The Michael Powell film Peeping Tom (1960) featured a filmmaker who committed murders and used the acts as the content of his documentary films, although no murders are seen in the film. The concept of "snuff films" being made for profit became more widely known in 1976 with the commercial film Snuff. A low budget exploitation horror film entitled Slaughter was directed by Michael and Roberta Findlay. In an interview decades later, Roberta Findlay said that the film's distributor Allan Shackleton had read about snuff films being imported from South America and retitled the film to Snuff to exploit the idea; he also added a new ending that depicted an actress being murdered on a film set. The promotion of Snuff on its second release suggested it featured the murder of an actress: "The film that could only be made in South America... where life is CHEAP.", but that was false advertising. Shackleton put out false newspaper clippings that reported a citizens group's crusading against the film and hired people to act as protesters to picket screenings.

In the wake of Snuff, numerous films explored the idea of snuff films, or used them as a plot device. They include Last House on Dead End Street (1977), Paul Schrader's film Hardcore (1979), Sidney Sheldon's Bloodline (1979), the Ruggero Deodato film Cannibal Holocaust (1980), David Cronenberg's Videodrome (1983), the Nine Inch Nails film The Broken Movie (1993), the film Henry: Portrait of a Serial Killer (1986), the Alejandro Amenábar film Tesis (1996), the film Strange Days (1995), the Anthony Waller film Mute Witness (1994), the Johnny Depp film The Brave (1997), the Joel Schumacher film 8mm (1999), the John Ottman film, Urban Legends: Final Cut (2000), and Fred Vogel's film August Underground (2001) and its sequels.
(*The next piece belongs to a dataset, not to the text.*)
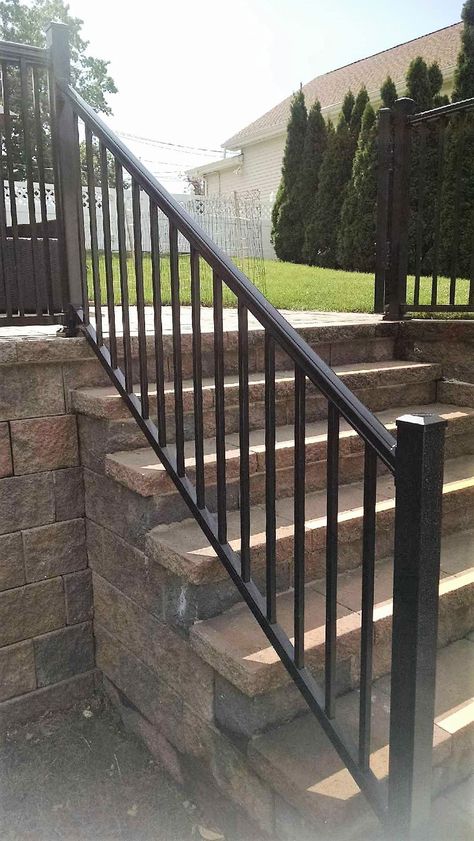 BLACK ALUMINUM RAILS. CALL TO GET A FREE ESTIMATE #BERGENFENCE Condo Exterior, Porch Rails, Driveway Fence, Hand Railing, Stairs Railing, Outdoor Stair Railing, Garden Railings, Railing Designs, Front Stairs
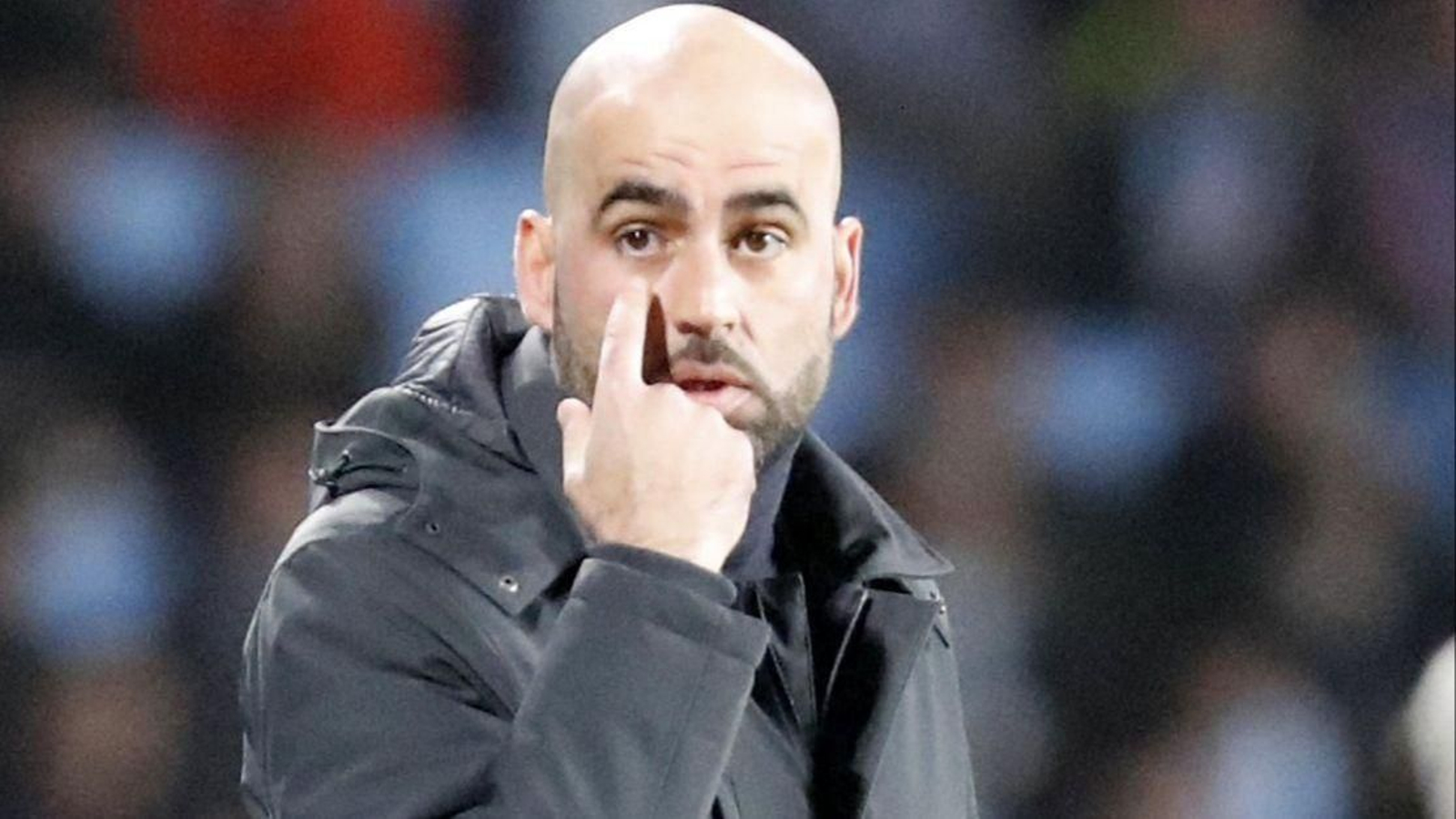 Claudio Giráldez pide atención a un jugador, ayer, en Balaídos.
Internet snuff films are alluded to in the Marc Evans film My Little Eye (2002), and the film Halloween: Resurrection. The Showtime TV series Dexter features an internet snuff scene. Most recently the subject has been addressed in British film director Bernard Rose's film Snuff-Movie (2005), the Nimród Antal film Vacancy (2007) and also in the WWE film The Condemned (2007) and the Gregory Hoblit film Untraceable. Rockstar Games, the controversial game publisher, released the snuff-themed Manhunt in 2003. Konami's Silent Hill 2 prominently features a snuff film of unknown origin.